A source, who was a key member of the Taliban’s military commission for various provinces, told Amu TV that the rifts are “increasing” among the Taliban and that the group has changed into three clusters.

The source said that the first cluster is those under the first deputy prime minister of Taliban, Mullah Abdul Ghani Baradar, and are those who attended the peace process with the US. Those under this cluster are moderate Taliban, the source said.

The second cluster, the source said, is led by Mullah Mohammad Yaqub, the interior minister of the group and son of the Taliban’s founder leader Mullah Omar. Individuals under this faction are those who have mostly attended fighting.

The third faction, the source said, is that of the Haqqani network, which is led by the Taliban’s defense minister Sirajuddin Haqqani.

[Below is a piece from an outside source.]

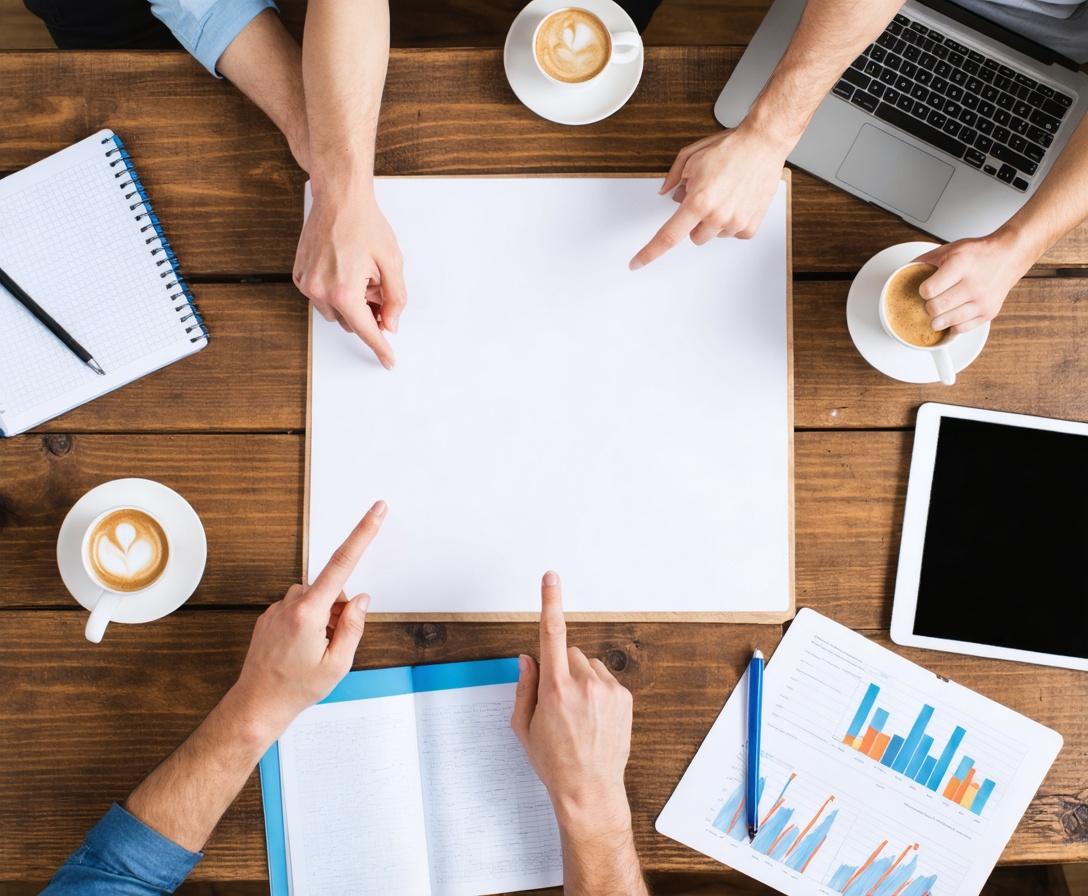 Вид сверху на рабочий стол во время интенсивного бизнес-воркшопа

“The rifts in Islamic emirate (Taliban) have increased. Everyone has set an assignment for themselves,” the source said. “The presence of the Haqqani network in the Islamic emirate has created many issues, and if this continues, the (Taliban) government will be separated and analyzed and we’re really concerned about this situation.”

Two incidents in a week

At least two incidents have happened this week that analysts say are the consequences of the Taliban leadership’s rifts on their lower ranks, especially in the central parts of Afghanistan.

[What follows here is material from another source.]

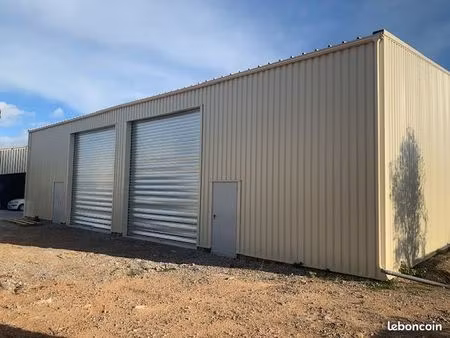 local d'activité 150/300m²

Leaked audio from the Taliban’s former security chief for Panjshir, Hamid Khurasani, who is a Tajik commander, on Tuesday shows that three of his fighters have been arrested by Pashtun Taliban from Helmand for wearing the traditional hat of “pakol.”

In the 7-minute audio, Khurasani asks Taliban leaders, especially Mullah Yaqub and Haqqani to release his fighters from prison while criticizing the unjustified treatment in Taliban ranks.

He accused Taliban members from Helmand of killing civilians in Panjshir and of spreading ethnic rifts.

Earlier sources confirmed to Amu TV that more than 15 Tajik members of the Taliban have been arrested and tortured by Pashtun Taliban in Panjshir in the last month.

Meanwhile, in another incident, a clash happened between Taliban members from Kandahar and Tajik members of the group at a check post in the Gulbahar area in Parwan province on Monday evening, a source from the province said.

Struggle for power-sharing

Analysts said that the Taliban is engaged in a serious struggle for power sharing and financial resources.

Afghanistan will enter another civil war if the Taliban does not prevent these fractures, especially those that have roots in ethnicity, said Tariq Farhadi, a political affairs analyst.

“The rifts among the Taliban are on resources. Afghanistan and Taliban will suffer big damage if this is not addressed,” he said.

Repeated trips of Mullah Baradar to Kandahar, the convention of the Taliban’s grand assembly in Kabul, the trips by Taliban leaders to northern parts of the country, especially Panjshir, and the arrest of non-Pashtun commanders of Taliban, including Tajiks, Uzbeks and Hazaras, are some instances that analysts hinted to them as “deep rifts” among Taliban leadership.

Reports by local media indicate that the Taliban have had internal clashes in Takhar, Panjshir, Kapisa, Parwan, Kunduz and Sar-e-Pul provinces.

Ismail Mashal, an Afghan analyst in political affairs, said that “deep rifts” have emerged between the Haqqani-led faction and the faction led by Mullah Baradar and the two clusters have had many verbal clashes at the presidential palace, the defense ministry and the interior ministry.

He added that the rifts will lead to a civil war in the country and that there is a need for an inclusive government in Afghanistan.

“Taliban is facing with deep rifts on reopening of (girls) schools, formation of an inclusive government, appointments in ministries and the share of ethnic groups in the government,” Mashal said. “In some cases, armed clashes happen among Taliban members.”

This comes as in a leaked audio message on July 11, Mullah Yaqoob said he is worried about rifts in Taliban ranks and expressed dissatisfaction regarding the removal of the Taliban flag in the Khost district of Baghlan province.